SCIENCE TALES

View Original

4 reasons why science can’t give us the answers during a time of crisis (3/4)

After introducing reasons 1 &2 yesterday, lets discuss two more today. If you haven’t read yesterday’s post yet, and you have a few extra minutes check out reasons 1& 2 there…

3.      Scientists aren’t altruistic robots

Scientists aren’t selfless creatures who care only about doing good for humanity. Though these characteristics might apply to some individuals, scientists as a whole are like any other tribe of human beings. They have to be political to negotiate their way through the demands of the academic system and the funding agencies. A good pinch of narcissism helps as well, it makes it easier to survive rotating around the same research topic for decades, while giving up so much of your free time for often little reward – be it recognition or money. If you attack the scientist’s pet theory, you run the risk of attacking the scientist. If you ask the scientist a question the answer might be driven by more than the hard facts of the data.

 

4.      Science isn’t free

At least not completely. This doesn’t mean that biomedical scientists are the slaves of the pharmaceutical industry. But there’s a more subtle manipulation at play. Biomedical research costs a lot of money. The math is easy: the more money you pour into a research field, the more people want to study it.
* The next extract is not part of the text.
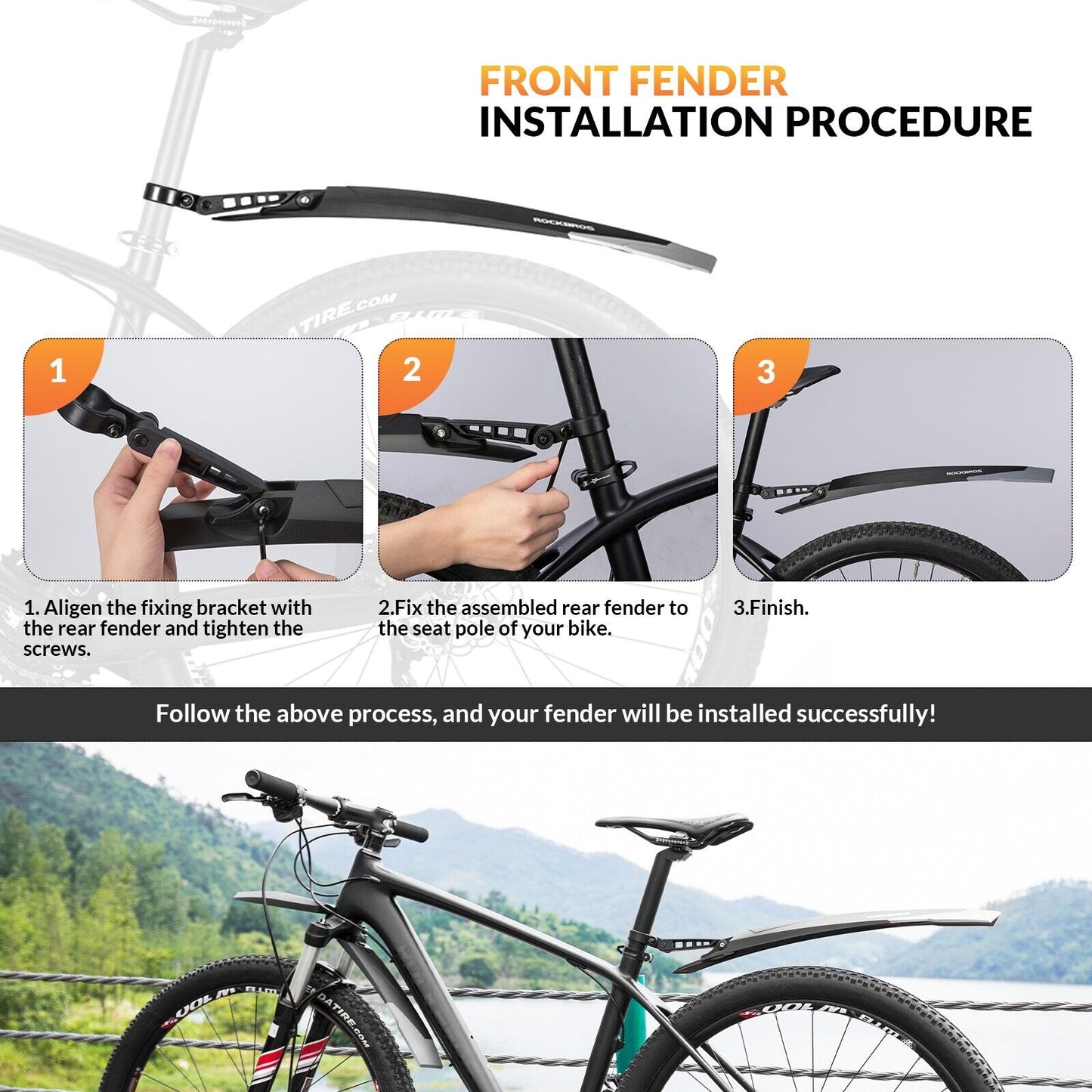 Set apărători de noroi pentru bicicletă ROCKBROS 26/27,5/28 inch MTB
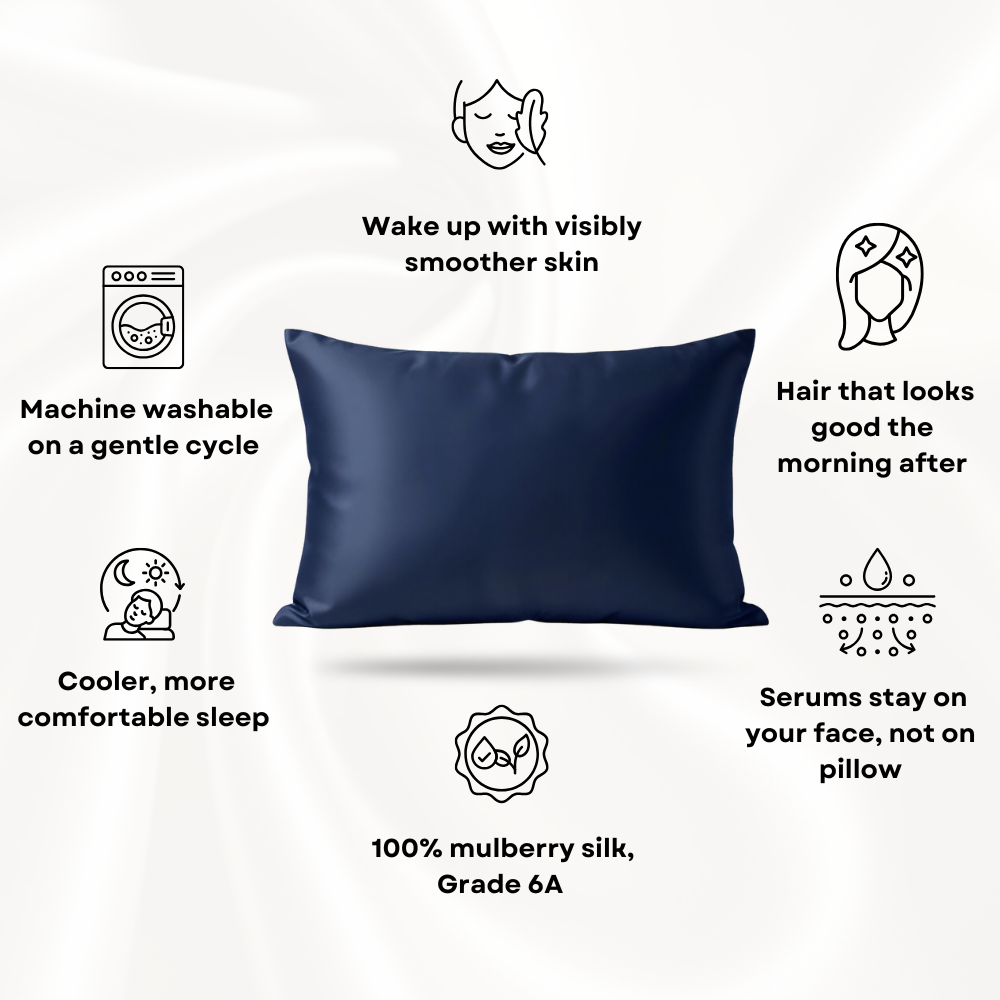 Mulberry Silk Pillowcase - Midnight Blue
There are different motivations for the pharmaceutical industry, government and private foundations to dedicate funds to certain research areas. One such motivating factor is the urgency of the topic. The concentrated funding effort into research on HIV/ AIDS has turned the disease from a death sentence into a manageable and maybe even curable condition. Unfortunately, other motivations for choosing where funds are headed are less humane. The pharmaceutical industry focuses on areas where money can be made. The funds that go into antibiotic research for example are so limited that we’re running blind-sided into an approaching catastrophe of antibiotic resistance.

Private foundations like the Bill and Melinda Gates foundation are trying to rectify this situation by donating to causes that have little prospect of creating revenues, including infectious and rare diseases. It’s a thing to be grateful for, but this type of funding oligarchy induces another kind of bias.

The understudied areas in biomedical science are those were we lack the answers most urgently and the Corona pandemic might be a wake-up call to seek answers in a societal effort.

 

So, let’s get back to our original quest: what are the correct answers to those questions?

An honest answer from a scientist, to a question like ‘Does a facemask protect against the virus?’ might sound something like: ‘I have evaluated three studies and none of them has gathered sufficient data to answer your question. There are probably three other studies I don’t know about.’  OR ‘I don’t have time for this, I’m busy with a private feud with one of my coworkers in the laboratory who wants to be first author on my paper.’ OR ‘I can’t tell you, there’s no money in this field of research because no one has cared about it until three months ago.’

That’s not what you want to hear the scientist say, and it likely won’t be the answer in an interview.

But maybe not having simple answers to complex scientific questions (even the crisis questions) isn’t that bad, as long as we manage the expectations of what we can deduce from scientific data (a single study in ten patients usually does not hint to a new wonder drug) and as long as everyone applies their own common sense (don’t try the supposed wonder drug until it’s proven to be safe). 

The problem is that in science – and in life – things are rarely as easy as we’d like them to be.